The Denver Nuggets and the Washington Wizards agreed to overhaul their backcourts by coming to terms on a deal ahead of free agency. Who won the deal?
Trade Grades: Denver Nuggets and Washington Wizards Swap Guards
Terms of the Deal:
Denver Nuggets Grade: B
This is the latest installment in a busy offseason for the Denver Nuggets. They let Tim Connelly leave his position as general manager to become the president of the Minnesota Timberwolves. They traded JaMychal Green to the Oklahoma City Thunder for the no. 30 pick in the draft, ensuring they wouldn’t owe Green over $8 million during the 2022-2023 season. Nuggets owner Stan Kroenke, despite an estimated worth of $10.7 billion, continues to make sure the team avoids the luxury tax at all costs. Caldwell-Pope and Smith will be free agents in 2023, while Barton and Morris are signed through 2024. Smith also makes over $4 million less this season than Morris.

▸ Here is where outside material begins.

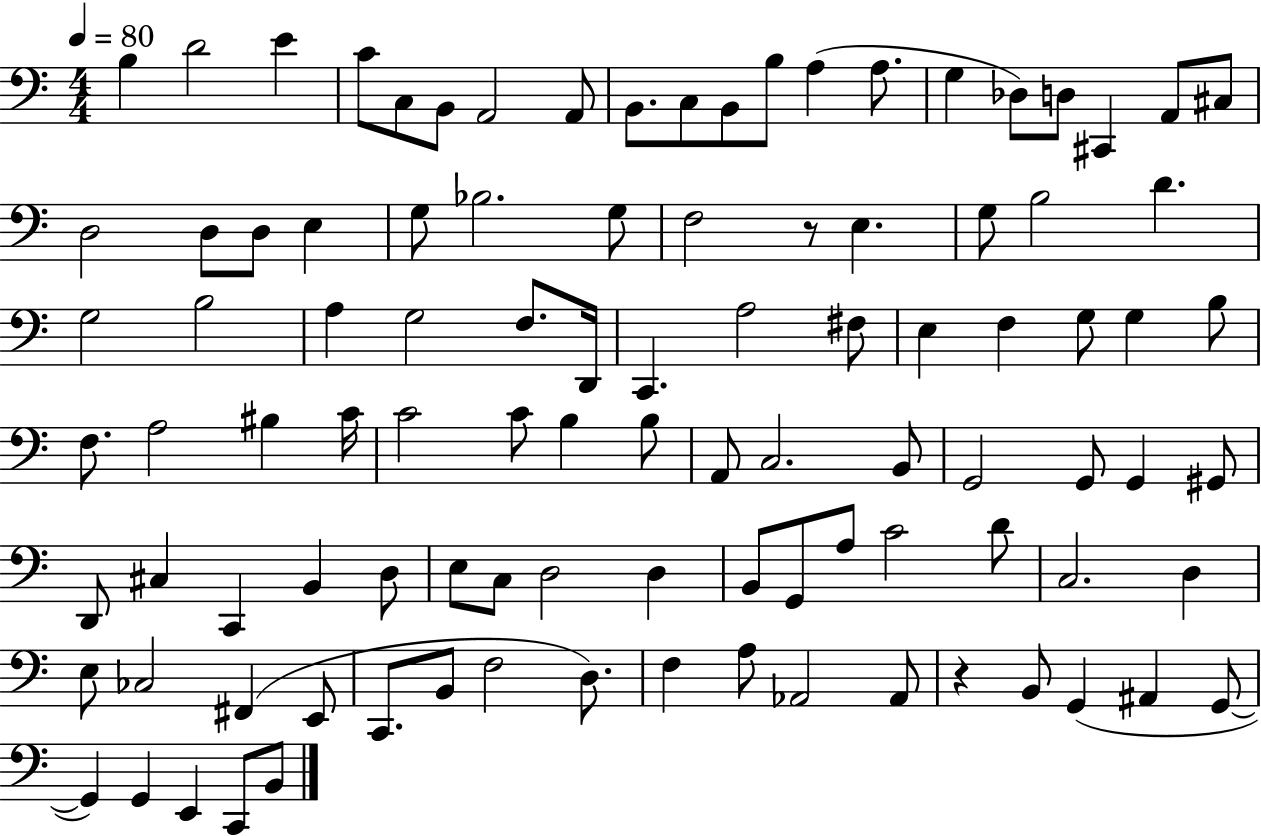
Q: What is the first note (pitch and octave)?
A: B3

Luckily, this trade helps the Nuggets on the court as well as in the wallet. Caldwell-Pope immediately becomes Denver’s starting shooting guard. He’ll be able to chase Stephen Curry around screens and stay in front of Donovan Mitchell as he barrels towards the rim. Caldwell-Pope hasn’t shot below 38.5% from three since 2019, and Nikola Jokić should gift him the easiest shots of his career. Denver needs Jamal Murray and Michael Porter Jr. healthy to place Caldwell-Pope in the right offensive role. The uncertainty surrounding Murray’s recovery from a torn ACL makes the downgrade from Morris to Smith worrisome. If Murray misses significant time again the Nuggets will struggle without a ready-made replacement available.
Washington Wizards Grade: C-
This trade does fill a need for Washington, assuming Bradley Beal re-signs with the team as rumored. Washington needed to add a point guard after trading Spencer Dinwiddie (and Dāvis Bertāns) for Kristaps Porziņģis last season. Head Coach Wes Unseld Jr. was a Denver assistant before the 2021-2022 season and is familiar with Morris and Barton.
Morris has been in the league for five seasons and is firmly established as one of the best backup point guards in the league, but is underqualified to start. Since Jokić is essentially Denver’s point guard, Morris hasn’t been asked to set up teammates like other point guards. Per Cleaning the Glass, he assisted on just 20% of his teammates’ made shots last season, lower than all but 10% of the league’s point guards. Considering Washington has no perimeter defender to replace Caldwell-Pope, they paid a large price to upgrade at backup point guard.
Barton is a solid scoring wing, but he’s spindly, making him a better fit at shooting guard. That’s Beal’s position, and the Wizards have a number of young wings taken with recent lottery picks like Rui Hachimura, Deni Avdija, and Corey Kispert. Their no. 10 pick in this year’s draft, Johnny Davis, plays shooting guard as well, and it’s hard to see how Barton fits into this mix. Perhaps Washington is planning to play Beal more at point guard this season, with Morris as his backup and the young players teaming with Barton on the wings. That would be an intriguing look for a team that hasn’t finished with a winning record since 2018.